Bringing on Villaseñor may be the latest effort by those behind the scenes at "SNL" to improve the diversity of the cast. The demographic makeup of the cast has become a thorny issue for the show's executives in recent years. The hiring of Sasheer Zamata in 2014 was seen as a direct response to criticism that the show hadn't had a black woman in the cast since Ellen Cleghorne left the show in 1995. Leslie Jones of "Ghostbusters" and LaKendra Tookes, who are both African-American, came on the program as writers around the same time and Ms. Jones later became a cast member. 

The show has had several Hispanic cast members over the years, including Horatio Sanz, who appeared on "SNL" from 1998 to 2006, and Fred Armisen, who was on the show from 2002 to 2013. But prior to Villaseñor's hiring, the show had only ever had one Latina cast member: Noël Wells, who was on the program from 2013 to 2014, is a quarter Hispanic and identifies as Latina.
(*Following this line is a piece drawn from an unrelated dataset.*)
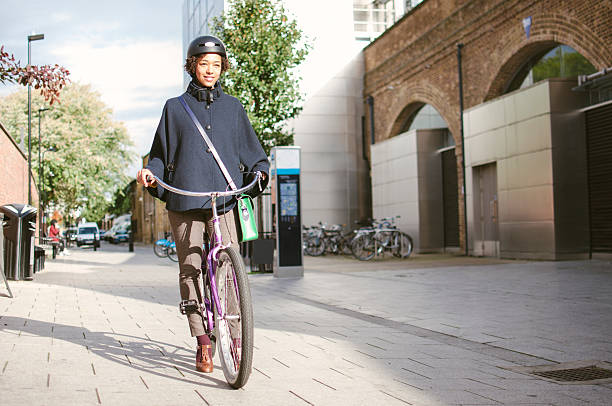a lavorare con bicicletta - london england on the move commuter rush hour foto e immagini stock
While many seem to agree that hiring Villaseñor is a step forward, was it too long in coming?

"The hiring of Villaseñor is cause for celebration for the Hispanic community," Guardian writer Luis Miguel Echegaray wrote following the announcement. "...As a viewer, my interest in 'SNL' had faded through the years as the lack of diversity (both on stage and in the writer's room) had become a turn-off and I don't think they did themselves any favors by not rehiring the multi-talented [Jay] Pharoah. But now, given the relatively recent additions of African American female talent, including the unstoppable Leslie Jones, seeing a Latina perform at Studio 8H for the very first time means 'SNL' has won me back." 

And National Hispanic Media Coalition Alex Nogales was pleased but cautious when interviewed by L.A. Weekly. "I could not be more pleased," Mr. Nogales said. "…[But] this can't be a one-shot deal. We've accomplished nothing if that's what it was."

Villaseñor has previously appeared on the NBC reality program "America's Got Talent."